Race was a motivating factor in the original appraiser’s “unreasonably low valuation of the Austins’ house, in violation of the Fair Housing Act and related federal and state laws,” according to the suit, filed in federal district court. The Austins “suffered damages, including loss of financing opportunity in connection with their dwelling, economic losses, emotional distress with attendant physical injuries, and violation of their civil rights.” They are demanding a jury trial, punitive damages and an order from the court to ensure that such discriminatory practices do not take place again.
The Austin family’s suit is one of several filed by Black Bay Area homeowners recently, arguing that widespread discriminatory practices in the appraisal industry are a modern-day version of “redlining,” a decades-long strategy of denying financial services and undervaluing homes in predominantly Black and Latino neighborhoods.
“Discrimination in the appraisal process is something we’re seeing more and more often,” said Caroline Peattie, executive director of Fair Housing Advocates of Northern California, in a statement. The organization filed the December suit on behalf of the Austins as well as a similar July suit for Cora Robinson, a Black Oakland duplex owner.
“Not only were there things in the appraisal that were just plain wrong, such as the number of bedrooms and the property classified as rent controlled when it’s not, but the sales comps that the appraiser chose to use were guaranteed to lower the value of my house,” Robinson said in a statement when her case was filed.
This type of housing discrimination isn’t new, Peattie said. What has changed is that more homeowners of color are now coming forward when they experience an unfair appraisal, particularly when it results in their loan or refinance being denied.
Nor is the extra attention confined to the Bay Area. In April, Congress approved the Real Estate Valuation Fairness and Improvement Act, which created a federal interagency task force to deal with the issue.

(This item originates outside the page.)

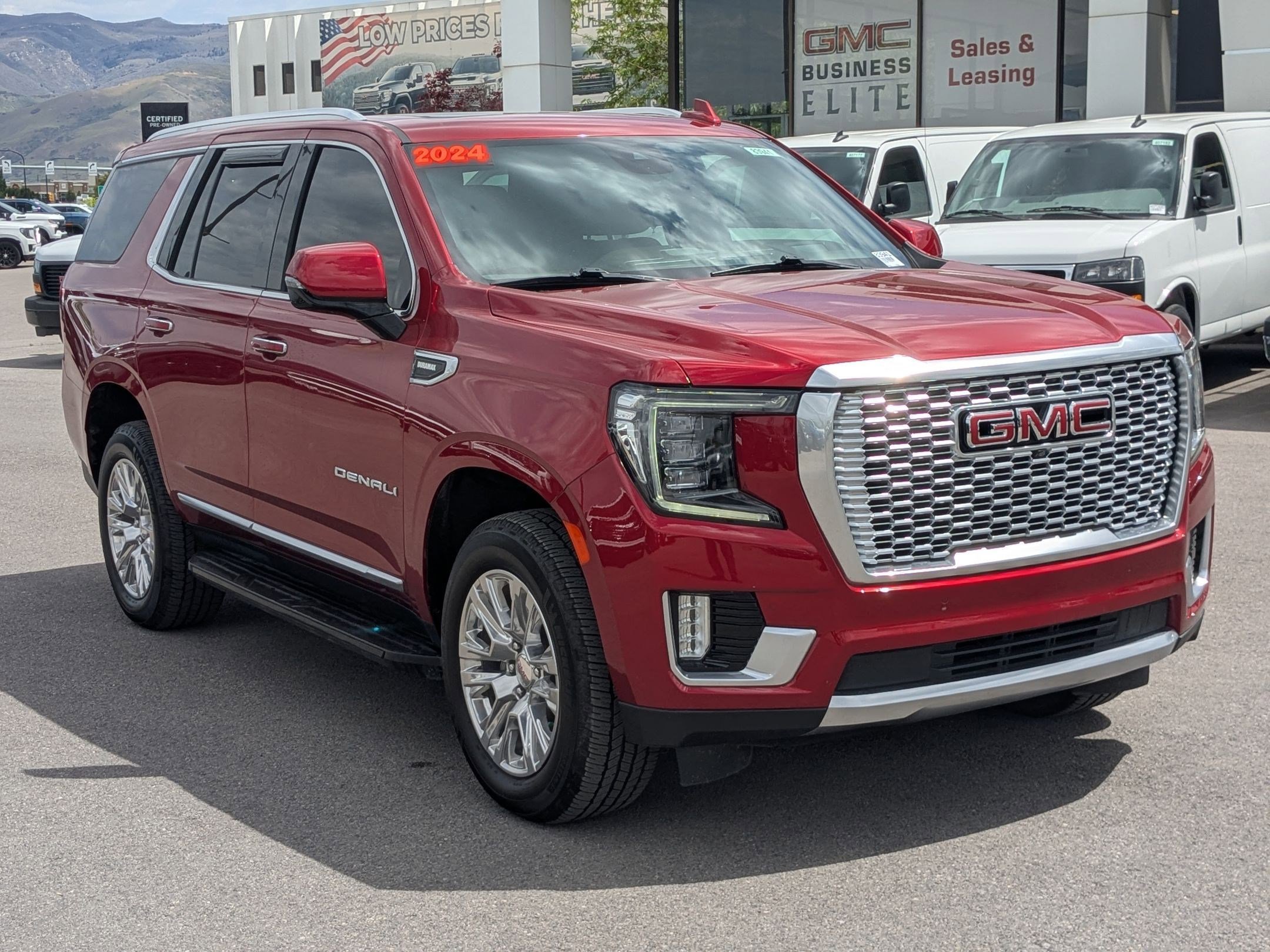 Certified 2024 GMC Yukon Denali w/ Max Trailering Package AWD/4WD image 8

Susan Rice is leading the task force, with a report due by early next year.
People of color are also facing discrimination in the rental market, according to a report that shows people with Black- or Latino-sounding names are less likely to get a response from landlords than those with white-sounding names.
Austin said in a statement that part of his motivation in filing suit last week was to bring more attention to the housing issues being faced by people of color in the hopes of seeing reform.
“I really hope that this lawsuit makes appraisers and lenders start to look more carefully at their practices and policies,” he said. “We feel that litigating this case is not only important for us but for our community as well.”